Switzerland should consider a more flexible approach to its military neutrality and seek closer defence cooperation with NATO and the European Union, a major security commission concluded Thursday.

'Neutrality must be revised': Swiss urged to be closer to Nato

The study said the security picture in Europe had sharply deteriorated, notably due to the Russian invasion of Ukraine in 2022, power politics and increasingly destabilised crisis regions.

The defence ministry established the study commission on security policy in July 2023, and tasked it with outlining security policy adapted to current threats.

Its report contained more than 100 recommendations, chiefly concerning Swiss neutrality, international cooperation, armaments policy and the orientation of security strategy.

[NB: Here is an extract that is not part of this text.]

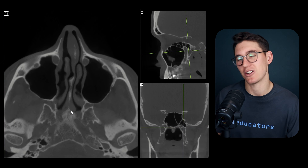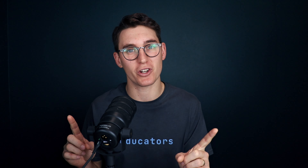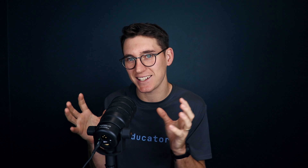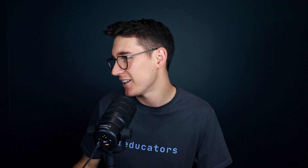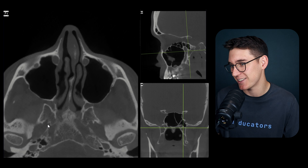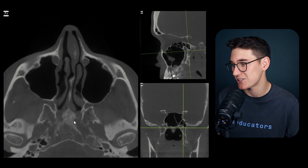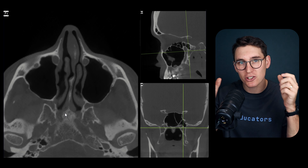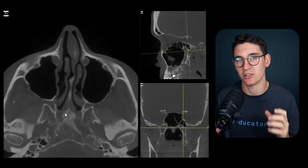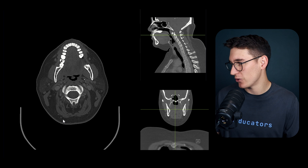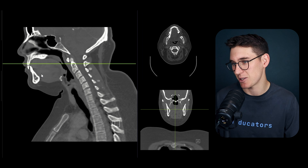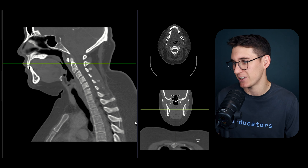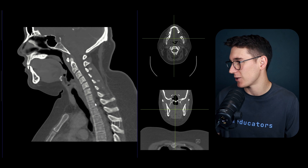Now let's look at our last bone, the mandible - which is a little controversial since some don't include it in the viscerocranium as it's not technically attached to the skull. The detailed scan we've been using doesn't include the mandible, so I'm switching to a CT scan of the cervical spine which will capture the mandible nicely. Let's get our orientation.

Switzerland’s long-standing position has been one of well-armed military neutrality.

The landlocked nation is neither in NATO nor the EU, while its neighbours Germany, Italy and France are in both, and Austria is an EU member.

“The neutrality policy must be revised, more focused on its security function and applied more flexibly,” a statement said.

A majority of the commission recommended that the neutrality policy be more closely aligned with the United Nations charter, with greater consideration of the distinction between aggressor and victim.

“Switzerland cannot represent a security gap in Europe,” and its location surrounded by the EU makes the need for defence cooperation “clear”, the report said.

“Neutrality is no obstacle to cooperation with NATO in security policy matters,” it added.

“Cooperation with NATO and the EU should be further deepened with the aim of a common defence capability and developing a genuine defence cooperation,” the statement said.

Switzerland should therefore set out its expectations from its own defence capabilities, and what it could offer to cooperation partners.

With the committee finding hybrid warfare was “the main threat to Switzerland”, the country’s arms industry should be strengthened and calibrated more closely to the threat situation.

Therefore, “access to EU and NATO cooperation projects should be ensured”.

The report also called for strengthened diplomatic efforts on international arms control and on regulating new technologies.

The report’s author said Russia’s aggression in Ukraine opened the door to a conflict with NATO, and said Switzerland’s neutrality did not guarantee it would not be attacked.

The study recommended increasing the defence budget to one percent of gross domestic product by 2030.

The report will feed into the broader 2025 security policy strategy.